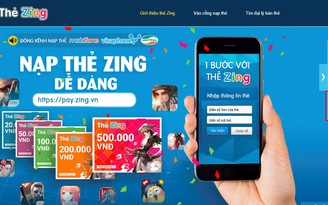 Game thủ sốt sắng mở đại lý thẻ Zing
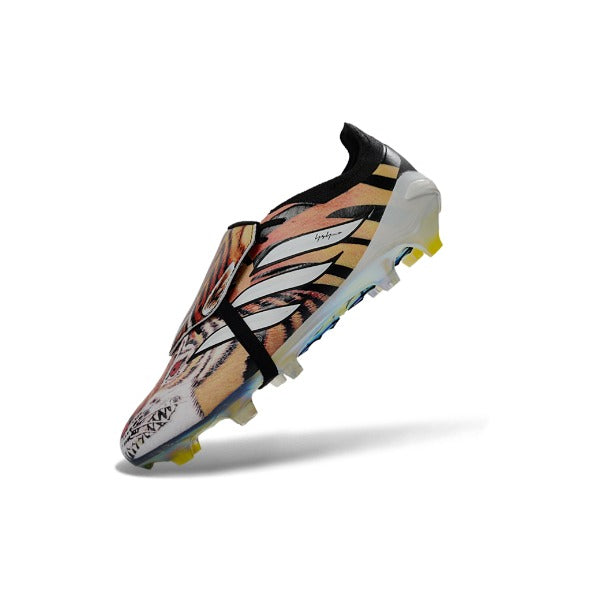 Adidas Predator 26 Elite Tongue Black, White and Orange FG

==

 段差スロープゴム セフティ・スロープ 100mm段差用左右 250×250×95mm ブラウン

What is expected:
All lines above starting at the one with "Game thủ sốt sắng mở đại lý thẻ Zing" and ending at the one with "Adidas Predator 26", inclusive, are to be printed again exactly, with the pictures left out.

Expected answer:
 Game thủ sốt sắng mở đại lý thẻ Zing
 Adidas Predator 26 Elite Tongue Black, White and Orange FG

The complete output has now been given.